#### [SUPPLIED MATERIAL]
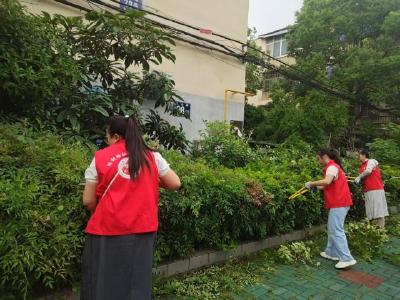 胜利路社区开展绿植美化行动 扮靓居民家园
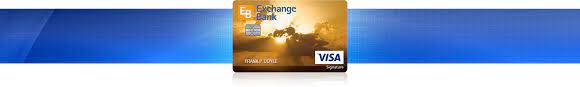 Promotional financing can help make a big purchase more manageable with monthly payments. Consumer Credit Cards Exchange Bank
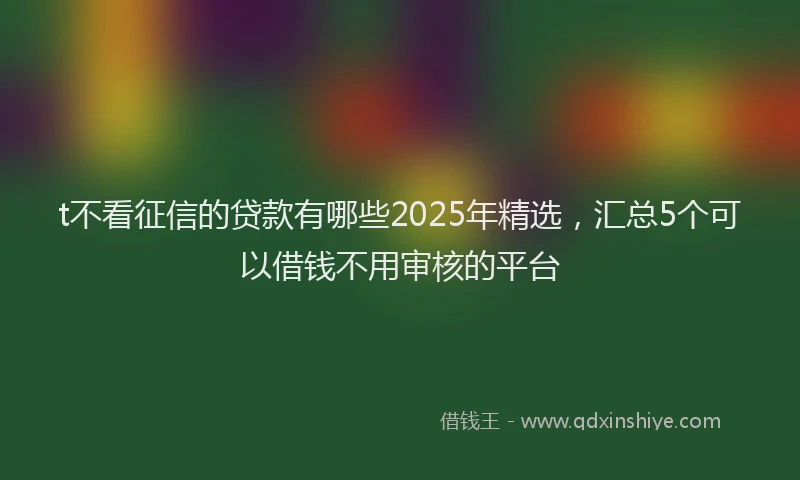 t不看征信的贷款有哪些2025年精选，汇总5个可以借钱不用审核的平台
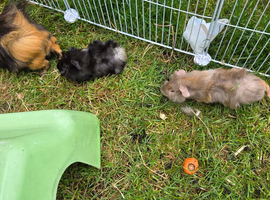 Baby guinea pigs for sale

#### [WHAT IS REQUIRED]
Would you output the data exactly, without any of its images?

#### [RESPONSE AREA]
 胜利路社区开展绿植美化行动 扮靓居民家园
 Promotional financing can help make a big purchase more manageable with monthly payments. Consumer Credit Cards Exchange Bank
 t不看征信的贷款有哪些2025年精选，汇总5个可以借钱不用审核的平台
 Baby guinea pigs for sale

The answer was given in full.